歌にこめられた、高橋のりえという人間
PICK UPアーティスト
BIG UP! ユーザーの中から、今聴きたいアーティストをピックアップ! 今回は高橋のりえをご紹介します。
包み隠さず見せる潔さ
歌詞がついている音楽というのは、時として日常の邪魔になる。一方で高橋のりえの歌は、生活に不必要な干渉をしてこない。ただそこにあり、ただそこで鳴り、聞こえてくる。
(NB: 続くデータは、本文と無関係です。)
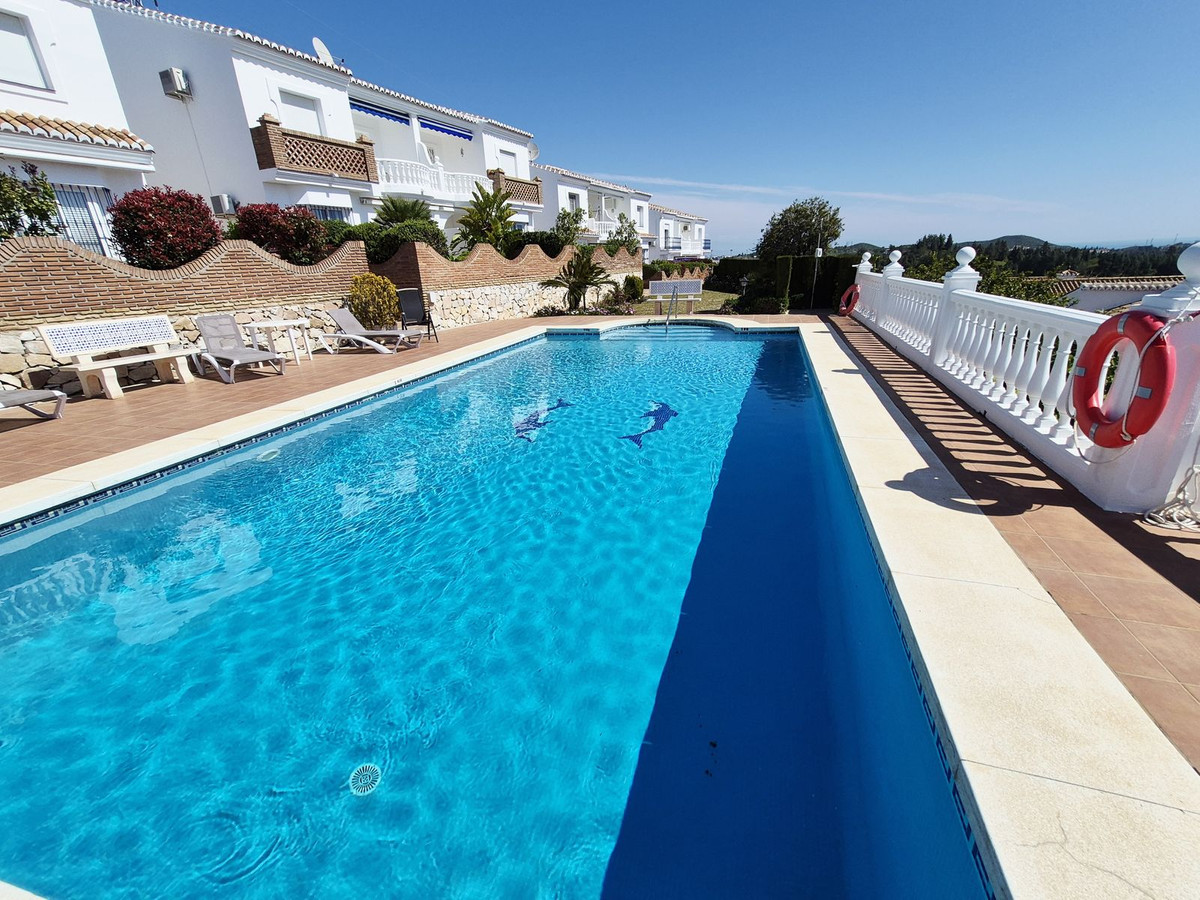 b3d7d7215547f834f04f7e2f7de49949 - 12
以前は声を荒げるように歌っていた彼女だが、365日路上ライブを機に歌い方を一新。「景色の一部になろう」と思い立ち、現在のような目の前の人に届けるボーカルスタイルになったのである。
本人も「自分の音楽は人間を表しているだけ」と話していたが、高橋の音楽に触れているとその意味がよくわかる。自分の命を削っているような焦燥感もなければ、天から降ってきたものを放出しているわけでもない。今あるものを素直に包み隠さず見せる、そんな潔さとフラットさが彼女の魅力なのである。
先日配信が開始された「蛹」は、彼女にとって3rdシングルとなる作品。日本映画大学卒業制作ドラマ「蛹の中」へ書き下ろされた楽曲になっており、憂いを帯びた透明感のある歌声が真っすぐに響く。迷いも越えてきた彼女だからこそ歌える1曲だ。